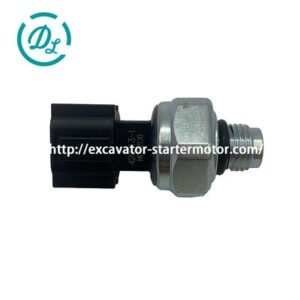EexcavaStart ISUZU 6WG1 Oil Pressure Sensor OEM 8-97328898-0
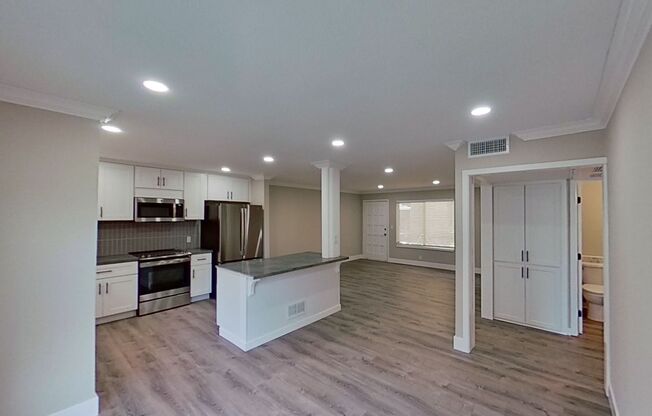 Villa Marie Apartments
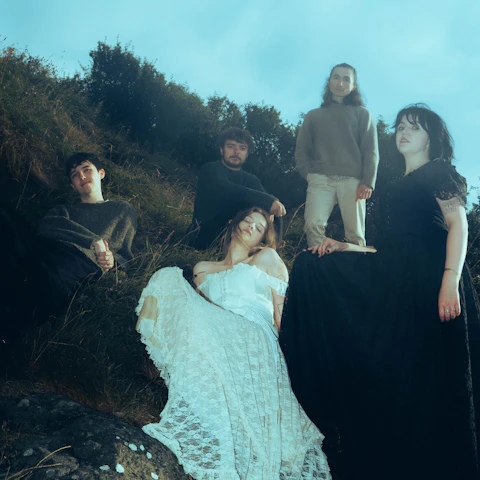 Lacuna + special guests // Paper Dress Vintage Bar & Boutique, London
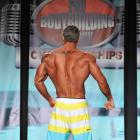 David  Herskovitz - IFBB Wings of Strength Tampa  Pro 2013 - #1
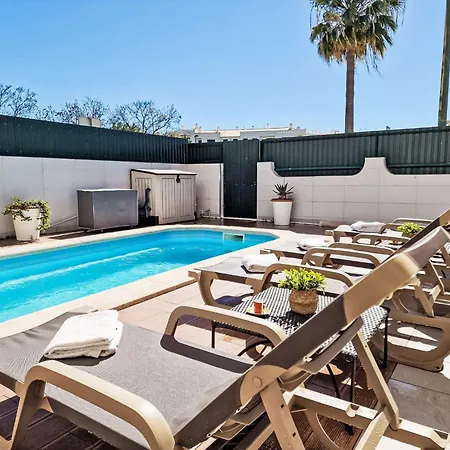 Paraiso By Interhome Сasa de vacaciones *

__Assigned task__. Transcribe all records verbatim and omit each image.

__Task response__.
EexcavaStart ISUZU 6WG1 Oil Pressure Sensor OEM 8-97328898-0
 Villa Marie Apartments
 Lacuna + special guests // Paper Dress Vintage Bar & Boutique, London
 David  Herskovitz - IFBB Wings of Strength Tampa  Pro 2013 - #1
 Paraiso By Interhome Сasa de vacaciones *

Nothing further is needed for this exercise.